:: Data for the task ::
:::
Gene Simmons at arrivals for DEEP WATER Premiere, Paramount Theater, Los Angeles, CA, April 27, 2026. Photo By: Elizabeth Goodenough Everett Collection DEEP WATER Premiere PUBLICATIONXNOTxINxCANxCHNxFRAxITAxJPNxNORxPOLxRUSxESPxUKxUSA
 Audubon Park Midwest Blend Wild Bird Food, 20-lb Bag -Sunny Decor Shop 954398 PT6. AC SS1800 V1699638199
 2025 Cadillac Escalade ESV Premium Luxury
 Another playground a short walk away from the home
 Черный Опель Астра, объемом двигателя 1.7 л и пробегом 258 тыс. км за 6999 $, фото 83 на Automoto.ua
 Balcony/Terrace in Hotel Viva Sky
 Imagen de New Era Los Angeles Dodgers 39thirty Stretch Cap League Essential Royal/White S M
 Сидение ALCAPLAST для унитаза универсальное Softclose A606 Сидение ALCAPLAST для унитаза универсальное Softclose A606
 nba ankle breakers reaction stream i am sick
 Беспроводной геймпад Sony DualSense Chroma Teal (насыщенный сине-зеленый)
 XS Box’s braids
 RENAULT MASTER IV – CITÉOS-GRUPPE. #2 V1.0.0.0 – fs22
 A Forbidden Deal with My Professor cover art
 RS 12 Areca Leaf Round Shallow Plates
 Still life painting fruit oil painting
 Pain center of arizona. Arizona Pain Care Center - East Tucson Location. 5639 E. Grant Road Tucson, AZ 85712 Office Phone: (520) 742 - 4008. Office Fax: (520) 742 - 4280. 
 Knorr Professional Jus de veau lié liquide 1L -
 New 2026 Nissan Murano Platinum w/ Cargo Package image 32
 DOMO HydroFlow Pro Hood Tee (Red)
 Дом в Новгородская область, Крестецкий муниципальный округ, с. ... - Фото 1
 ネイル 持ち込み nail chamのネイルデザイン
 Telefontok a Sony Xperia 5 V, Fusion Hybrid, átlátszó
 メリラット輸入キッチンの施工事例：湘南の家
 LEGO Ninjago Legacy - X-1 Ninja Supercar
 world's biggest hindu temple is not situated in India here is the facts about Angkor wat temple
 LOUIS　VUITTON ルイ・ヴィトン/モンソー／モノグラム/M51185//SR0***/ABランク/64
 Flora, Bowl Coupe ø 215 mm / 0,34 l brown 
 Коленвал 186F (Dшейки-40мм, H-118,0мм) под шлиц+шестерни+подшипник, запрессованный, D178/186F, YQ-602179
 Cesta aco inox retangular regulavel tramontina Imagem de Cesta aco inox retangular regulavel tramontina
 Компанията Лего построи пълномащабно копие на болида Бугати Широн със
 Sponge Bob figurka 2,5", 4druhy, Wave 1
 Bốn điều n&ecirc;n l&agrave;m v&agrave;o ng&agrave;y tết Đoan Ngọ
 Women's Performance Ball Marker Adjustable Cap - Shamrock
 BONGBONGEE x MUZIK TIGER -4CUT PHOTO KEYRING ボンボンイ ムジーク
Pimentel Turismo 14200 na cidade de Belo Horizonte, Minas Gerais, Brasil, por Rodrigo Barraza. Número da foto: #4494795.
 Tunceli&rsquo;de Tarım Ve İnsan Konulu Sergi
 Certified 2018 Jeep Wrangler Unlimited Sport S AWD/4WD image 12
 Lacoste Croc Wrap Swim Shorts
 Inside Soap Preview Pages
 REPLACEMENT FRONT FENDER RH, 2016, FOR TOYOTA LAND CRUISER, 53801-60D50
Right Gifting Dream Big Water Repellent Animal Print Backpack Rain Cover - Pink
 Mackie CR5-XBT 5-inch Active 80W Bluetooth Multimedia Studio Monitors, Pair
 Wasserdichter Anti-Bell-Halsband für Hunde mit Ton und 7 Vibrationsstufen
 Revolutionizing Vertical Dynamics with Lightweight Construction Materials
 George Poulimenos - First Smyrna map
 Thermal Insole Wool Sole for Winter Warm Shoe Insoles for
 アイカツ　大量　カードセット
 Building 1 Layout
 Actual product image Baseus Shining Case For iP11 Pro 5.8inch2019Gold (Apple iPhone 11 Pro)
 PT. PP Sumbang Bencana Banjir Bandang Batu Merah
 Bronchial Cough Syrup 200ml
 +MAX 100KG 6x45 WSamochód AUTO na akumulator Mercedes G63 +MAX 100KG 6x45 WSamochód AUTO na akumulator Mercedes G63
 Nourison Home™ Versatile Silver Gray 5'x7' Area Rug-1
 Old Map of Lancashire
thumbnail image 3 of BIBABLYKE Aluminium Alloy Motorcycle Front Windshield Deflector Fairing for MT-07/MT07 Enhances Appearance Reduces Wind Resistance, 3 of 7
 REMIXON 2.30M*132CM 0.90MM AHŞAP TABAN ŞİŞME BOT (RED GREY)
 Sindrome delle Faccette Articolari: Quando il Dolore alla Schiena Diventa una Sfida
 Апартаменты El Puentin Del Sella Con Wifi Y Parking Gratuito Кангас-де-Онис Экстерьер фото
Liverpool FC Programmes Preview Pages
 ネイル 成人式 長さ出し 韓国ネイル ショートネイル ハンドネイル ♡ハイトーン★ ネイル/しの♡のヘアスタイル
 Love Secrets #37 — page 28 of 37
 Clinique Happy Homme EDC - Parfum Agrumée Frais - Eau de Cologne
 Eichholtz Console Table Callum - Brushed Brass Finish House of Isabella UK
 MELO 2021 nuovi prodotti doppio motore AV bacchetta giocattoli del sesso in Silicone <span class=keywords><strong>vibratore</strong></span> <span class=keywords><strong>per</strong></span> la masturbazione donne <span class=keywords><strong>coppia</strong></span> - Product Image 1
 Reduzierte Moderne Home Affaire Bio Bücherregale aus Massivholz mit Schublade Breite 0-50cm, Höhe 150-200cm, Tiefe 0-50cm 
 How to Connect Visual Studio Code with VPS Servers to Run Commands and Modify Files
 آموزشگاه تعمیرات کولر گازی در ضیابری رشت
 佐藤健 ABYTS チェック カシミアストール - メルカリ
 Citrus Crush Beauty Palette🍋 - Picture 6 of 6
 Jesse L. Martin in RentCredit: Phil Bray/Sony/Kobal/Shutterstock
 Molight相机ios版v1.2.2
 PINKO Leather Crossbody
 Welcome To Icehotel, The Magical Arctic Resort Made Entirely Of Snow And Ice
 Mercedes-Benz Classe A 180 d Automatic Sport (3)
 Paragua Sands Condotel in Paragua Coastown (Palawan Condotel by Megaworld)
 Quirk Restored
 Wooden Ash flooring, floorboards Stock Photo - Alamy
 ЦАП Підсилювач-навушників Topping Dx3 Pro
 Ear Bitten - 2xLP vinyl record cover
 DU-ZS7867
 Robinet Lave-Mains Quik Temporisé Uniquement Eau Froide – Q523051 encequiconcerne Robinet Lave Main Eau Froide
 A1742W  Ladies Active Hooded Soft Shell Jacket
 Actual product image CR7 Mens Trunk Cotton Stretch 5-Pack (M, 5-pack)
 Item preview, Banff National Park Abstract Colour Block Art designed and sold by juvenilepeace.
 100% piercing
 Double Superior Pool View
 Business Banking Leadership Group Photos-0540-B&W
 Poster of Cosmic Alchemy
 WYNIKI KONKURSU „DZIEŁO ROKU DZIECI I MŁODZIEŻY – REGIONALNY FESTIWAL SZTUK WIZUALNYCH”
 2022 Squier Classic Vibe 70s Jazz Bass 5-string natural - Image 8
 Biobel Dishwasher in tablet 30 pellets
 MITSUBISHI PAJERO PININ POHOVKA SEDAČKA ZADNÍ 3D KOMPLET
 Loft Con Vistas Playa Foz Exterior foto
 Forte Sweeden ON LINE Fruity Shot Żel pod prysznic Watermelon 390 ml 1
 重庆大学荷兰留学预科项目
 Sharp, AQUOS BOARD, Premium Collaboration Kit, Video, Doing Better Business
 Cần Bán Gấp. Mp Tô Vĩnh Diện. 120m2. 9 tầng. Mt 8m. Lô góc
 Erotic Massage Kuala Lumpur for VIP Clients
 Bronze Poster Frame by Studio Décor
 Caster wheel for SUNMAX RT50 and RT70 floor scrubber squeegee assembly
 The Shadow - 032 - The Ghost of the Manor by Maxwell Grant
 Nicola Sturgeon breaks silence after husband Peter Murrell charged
:::
:: Exercise requirements ::
Both end lines included, restate word for word the lines above from the line with "BONGBONGEE x MUZIK" to the line with "Bronchial Cough Syrup 200ml", and nothing else.

:: Result of the exercise ::
 BONGBONGEE x MUZIK TIGER -4CUT PHOTO KEYRING ボンボンイ ムジーク
Pimentel Turismo 14200 na cidade de Belo Horizonte, Minas Gerais, Brasil, por Rodrigo Barraza. Número da foto: #4494795.
 Tunceli&rsquo;de Tarım Ve İnsan Konulu Sergi
 Certified 2018 Jeep Wrangler Unlimited Sport S AWD/4WD image 12
 Lacoste Croc Wrap Swim Shorts
 Inside Soap Preview Pages
 REPLACEMENT FRONT FENDER RH, 2016, FOR TOYOTA LAND CRUISER, 53801-60D50
Right Gifting Dream Big Water Repellent Animal Print Backpack Rain Cover - Pink
 Mackie CR5-XBT 5-inch Active 80W Bluetooth Multimedia Studio Monitors, Pair
 Wasserdichter Anti-Bell-Halsband für Hunde mit Ton und 7 Vibrationsstufen
 Revolutionizing Vertical Dynamics with Lightweight Construction Materials
 George Poulimenos - First Smyrna map
 Thermal Insole Wool Sole for Winter Warm Shoe Insoles for
 アイカツ　大量　カードセット
 Building 1 Layout
 Actual product image Baseus Shining Case For iP11 Pro 5.8inch2019Gold (Apple iPhone 11 Pro)
 PT. PP Sumbang Bencana Banjir Bandang Batu Merah
 Bronchial Cough Syrup 200ml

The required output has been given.